A guerra na Ucrânia e a consequente interrupção das cadeias de abastecimento agrícola impulsionaram não apenas as atividades principais de negociação da ADM, mas também seu negócio de nutrição.
Empresas que produzem ingredientes especiais estavam em alta demanda imediatamente após a invasão, já que os fabricantes de alimentos buscavam ajustar receitas.
Mas esse ganho foi limitado assim que o pior da interrupção passou. O negócio de nutrição posteriormente enfrentou dificuldades com a demanda por mudanças na formulação de produtos, incluindo proteínas alternativas usadas em alimentos vegetarianos.
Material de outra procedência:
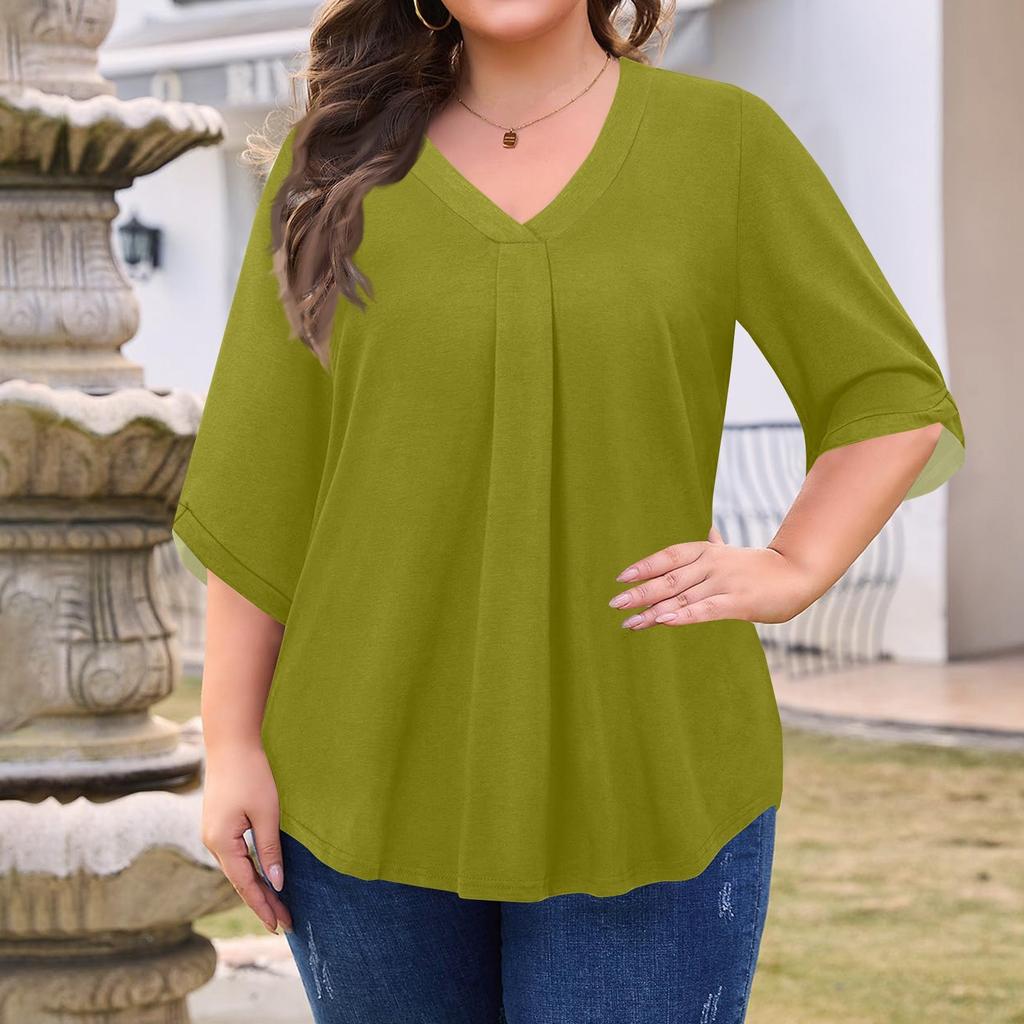 Women's Fashion Large Size Solid Color V-Neck Three-quarter Sleeve Top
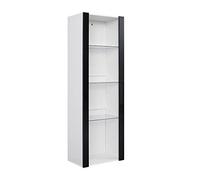 Panana Modern Tall Display Cabinet Cupboard High Gloss Fronts Storage Cupboard with RGB LED Lights Living Room Black and White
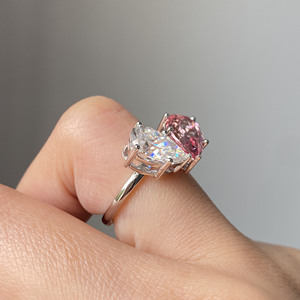 Provence 14k 18K vàng trắng 2.5ct mỗi đôi Pear Sapphire moissanite toi ET MOI Nhẫn cưới - Product Image 4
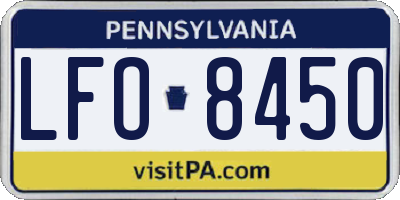 PA license plate LFO8450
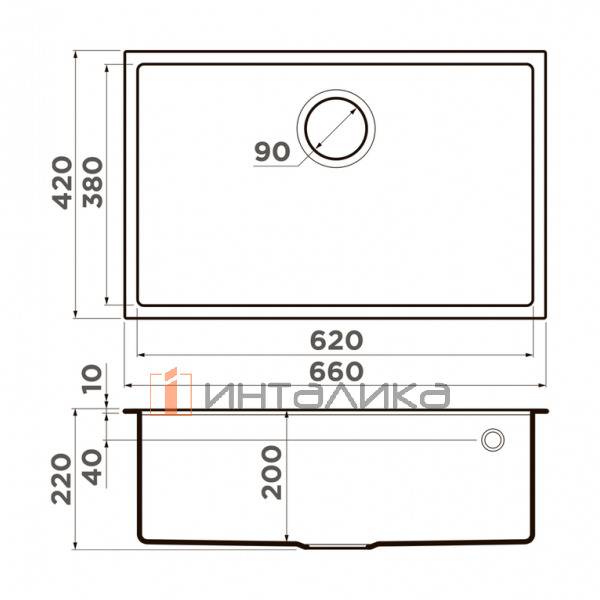 Мойка Omoikiri TEDORI 66-U Tetogranit, 800, под столешницу, leningrad grey – 2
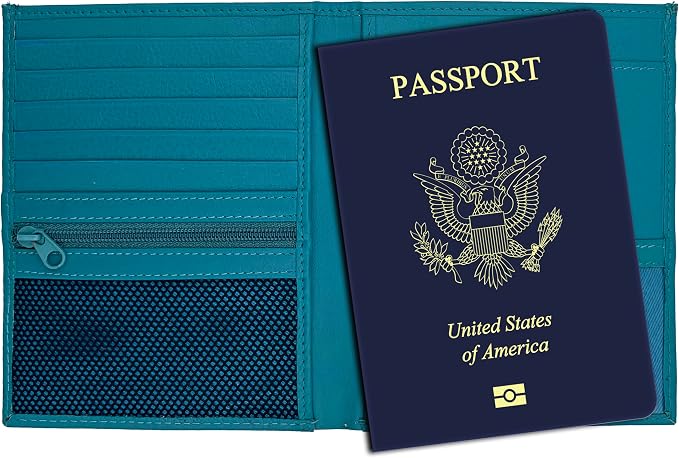 Teal RFID Genuine Leather Passport Wallet by 123CheapChecks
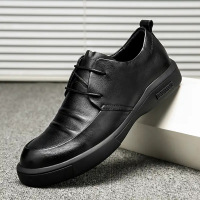 策霸20秋季新款男鞋时尚透气圆头系带男士皮鞋休闲鞋鞋子男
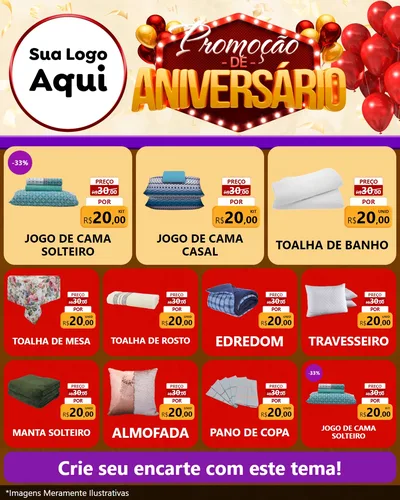 Modelo de Rede Social para Feed Instagram com o tema Promoção de Aniversário para Cama, Mesa e Banho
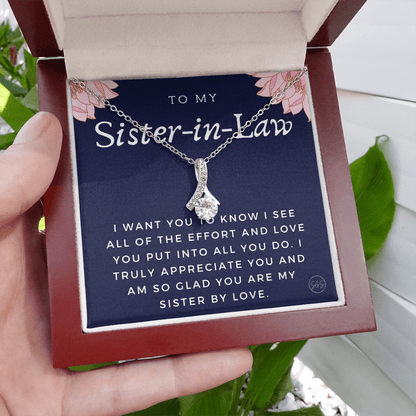Sister-in-Law Gifts | Husband's Sister, Wife's Sister, Christmas Gift for Sister in Law, Birthday, Wedding, Future Sister Necklace 1103gBA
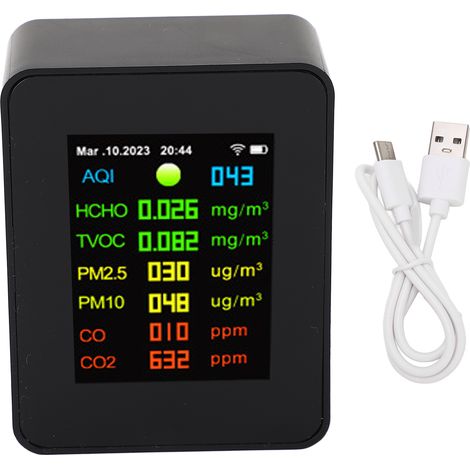 Analyseur de qualité d'air CO2 numérique multifonction avec écran LCD, détecteur de bureau portable (1/5)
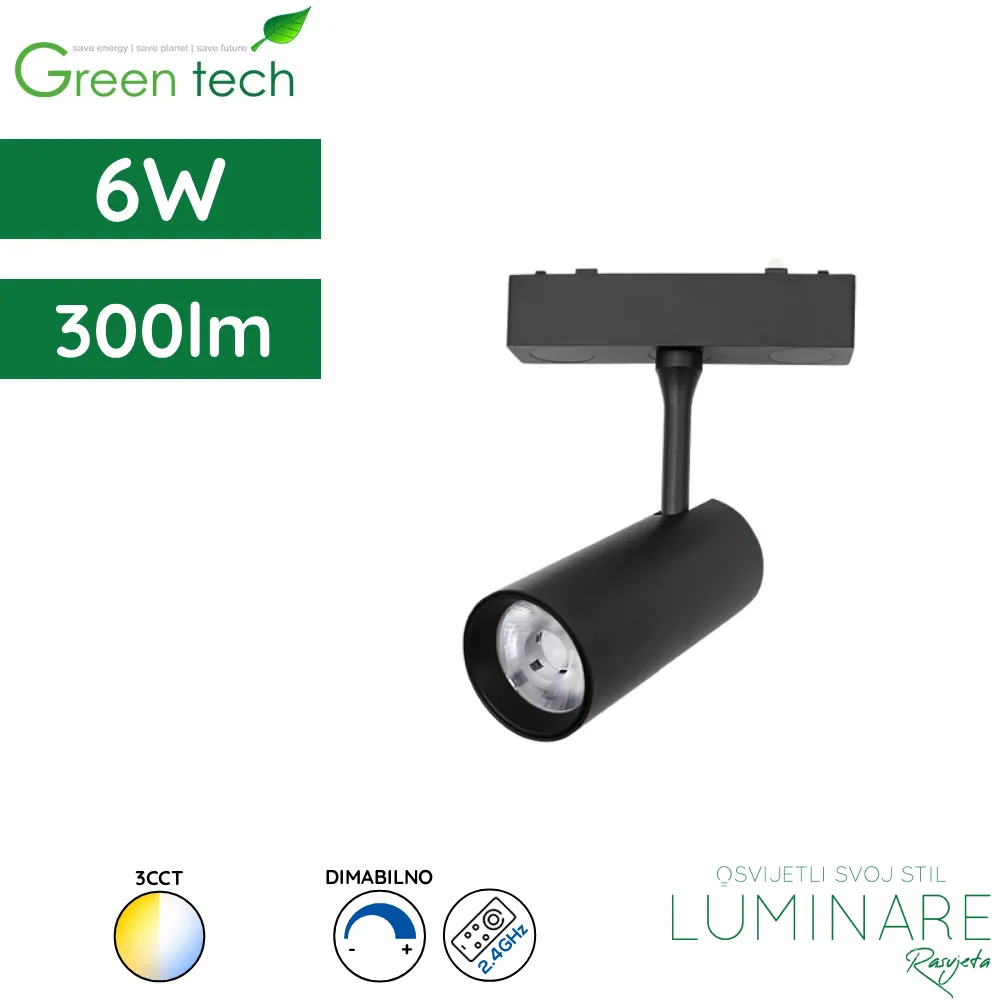 LED reflektor za magnetnu šinu Green Tech MYSTYLE-7 6W 300lm 3CCT dimabilna Smart APP Ø 42 x 100 mm crni luminare rasvjeta
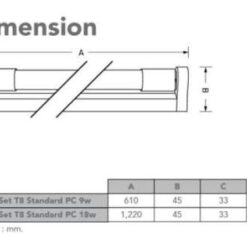 ชุดราง LED T8 ฟลูเซ็ต 9w,18w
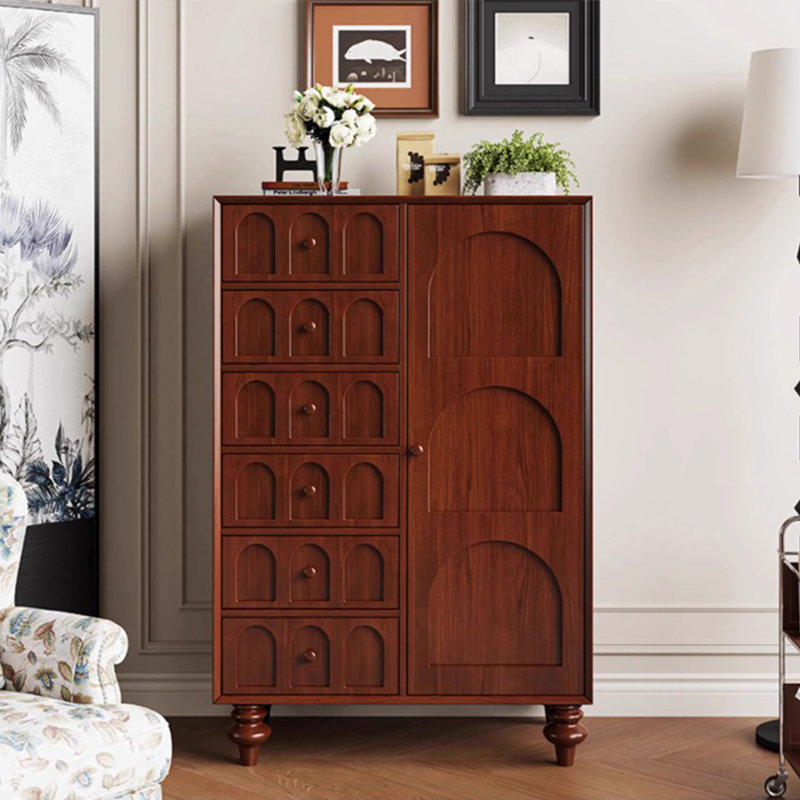 Armoire de rangement à entrée simple de style médiéval, Brun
Para piorar, a indústria está expandindo rapidamente a capacidade de processamento de soja nos EUA, o que aumenta a concorrência para a ADM e ameaça prejudicar os lucros.
As margens de esmagamento de soja nos EUA estão acentuadamente abaixo do ano passado, enquanto as margens para o etanol - o biocombustível derivado do milho, do qual a ADM é o terceiro maior produtor dos EUA - estão no nível mais baixo em quase um ano.
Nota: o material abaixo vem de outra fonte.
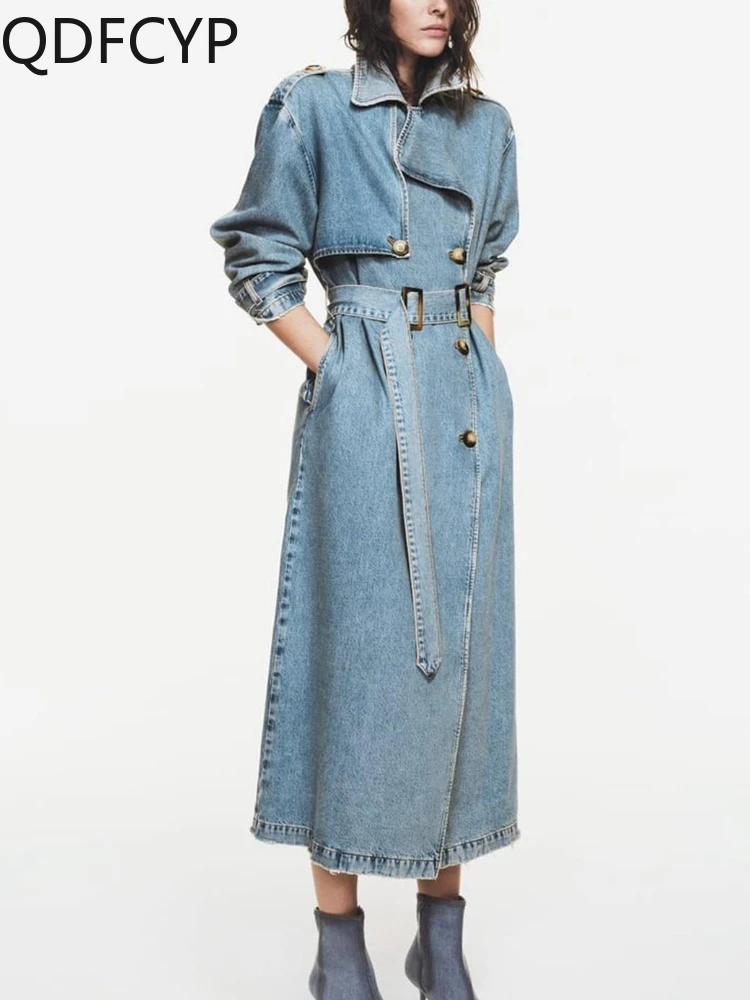 manteau-long-en-denim-a-double-boutonnage-pour-femmes-streetwear-elegant-ceinture-mince-mode-vintage-automne-hiver-nouveau-2023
Em janeiro de 2021, o CEO, Juan Luciano, disse aos investidores que o negócio de nutrição da ADM estava prestes a entrar em um período em que o crescimento anual do lucro operacional seria em média de 15%.
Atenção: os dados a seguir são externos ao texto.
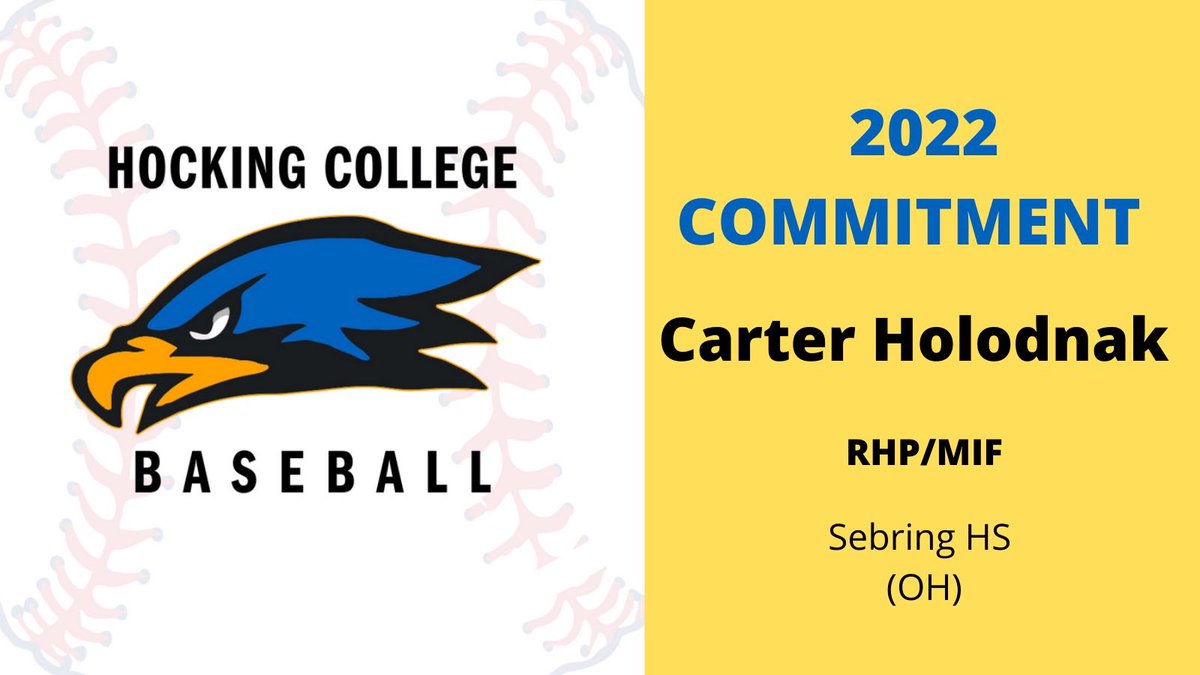 Happy to announce my commitment to <a href="/HockingCollege/">Hocking College</a> and can’t wait to further my academic and baseball career with @HockingBaseball. Huge thanks to the people who believed in me and helped me through the years <a href="/MichelleHolodn1/">Michelle Holodnak</a> <a href="/RHolodnak/">Rob Holodnak</a> <a href="/ngvenuto/">Nicholas Venuto</a> <a href="/RoyBee16/">Roy</a> <a href="/chriscapozzi5/">Chris Capozzi</a>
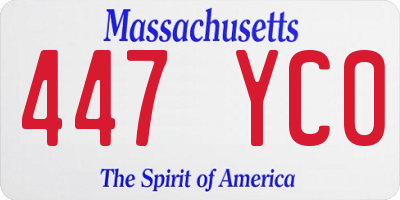 MA license plate 447YC0
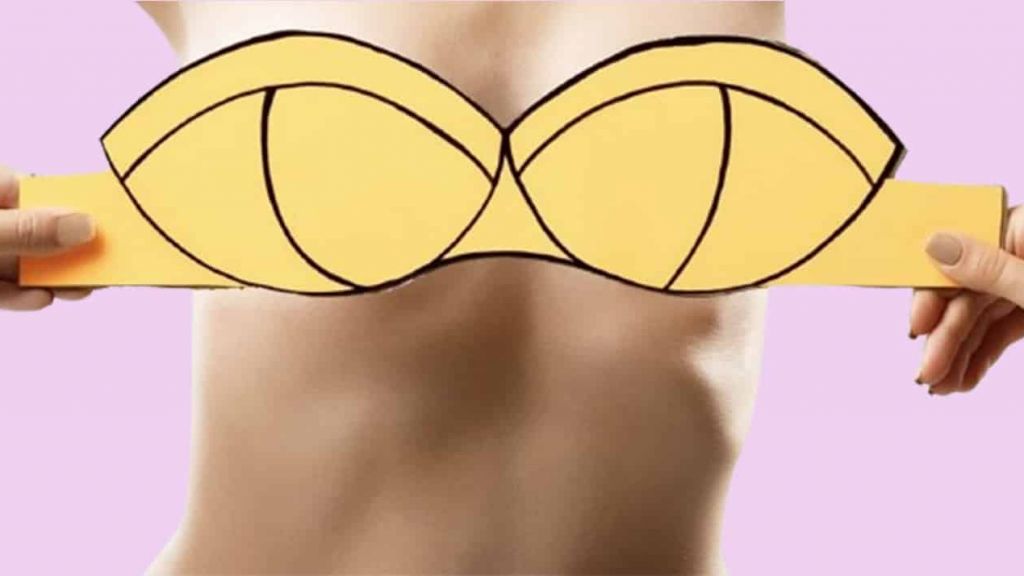 Illustration d'un soutien gorge en papier posé sur la poitrine d'une femme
De fato, os ganhos operacionais para a nutrição aumentariam mais de 20% naquele ano, mas o impulso logo desapareceu. O crescimento foi inferior a 7% em 2022, e os ganhos diminuíram em um quinto em 2023, segundo estimativas de analistas compiladas pela Bloomberg.
Ainda assim, a empresa continuou, anunciando duas aquisições de ingredientes em dezembro. A ADM recentemente estudou a possível compra do negócio de alimentos e bebidas da International Flavors & Fragrances como uma forma de expandir o segmento de nutrição, disseram pessoas familiarizadas com o assunto à Bloomberg em novembro.
Conforme o negócio de nutrição aumentava em importância e tamanho, também servia como um trampolim para a carreira de Luthar na ADM.
A surpreendente suspensão de Luthar - o executivo da ADM Ismael Roig agora é o CFO interino - deixa a ADM em um estado de limbo. Embora a empresa tenha reduzido sua previsão de lucros para 2023, as perguntas claramente persistem sobre o impacto total do que ocorreu internamente, e os investidores já precificaram um grande golpe.
Pelo menos cinco analistas de ações reduziram suas recomendações para a ADM na segunda-feira. Segundo um desses analistas, Vincent Anderson da Stifel, a investigação e a troca de CFO “tornam um caso de avaliação já mais difícil ainda mais difícil”. A notícia “será um revés para a confiança do investidor em um momento em que a avaliação já estaria sob pressão por causa dos lucros.”